*** Block opens ***

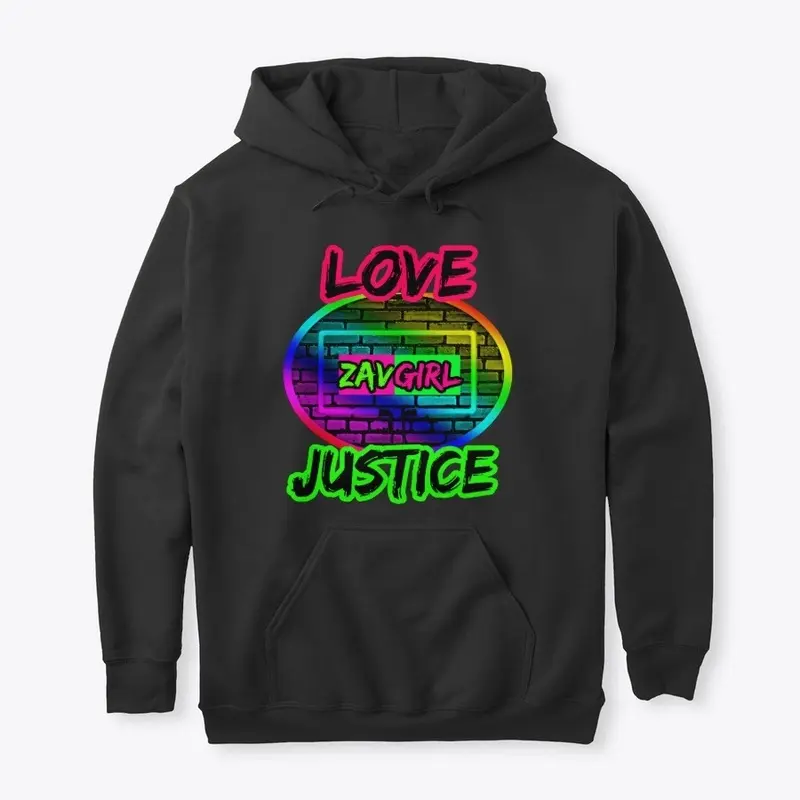 Zav Girl Love Justice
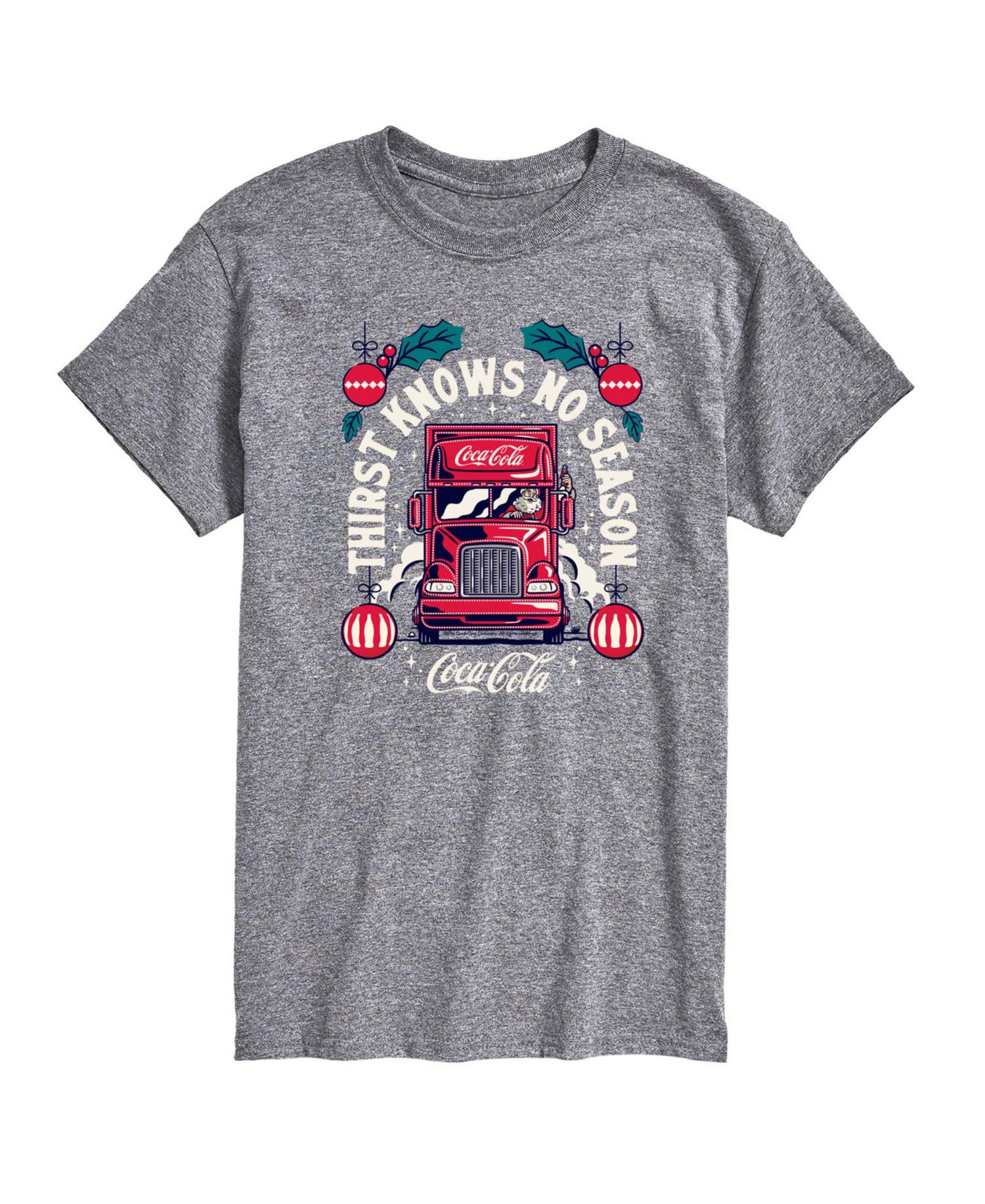 Men's Coca-Cola Thirst Knows No Season Short-Sleeve Graphic T-Shirt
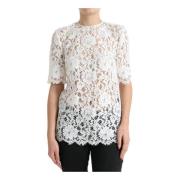 Dolce & Gabbana Blouses White, Dam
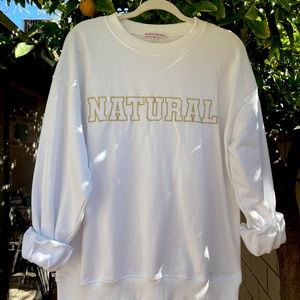 NATURAL✨ sweatshirt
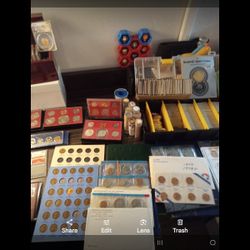 Stolen Coin Collection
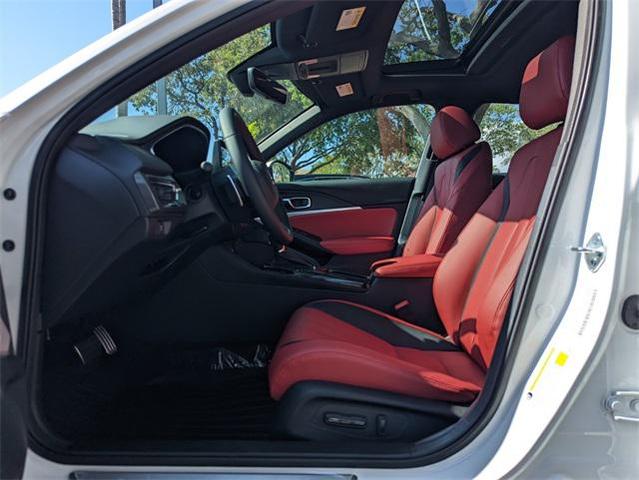 Photo of 2025 Platinum White Pearl Acura Integra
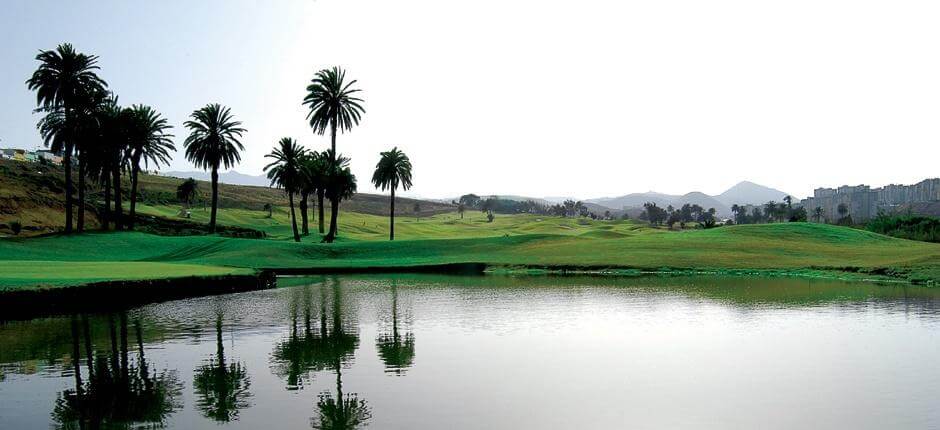 El Cortijo Club de Campo Terrains de golf de Gran Canaria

*** Block closes ***

Restate all the material verbatim; omit every picture.

 Zav Girl Love Justice
 Men's Coca-Cola Thirst Knows No Season Short-Sleeve Graphic T-Shirt
 Dolce & Gabbana Blouses White, Dam
 NATURAL✨ sweatshirt
 Stolen Coin Collection
 Photo of 2025 Platinum White Pearl Acura Integra
 El Cortijo Club de Campo Terrains de golf de Gran Canaria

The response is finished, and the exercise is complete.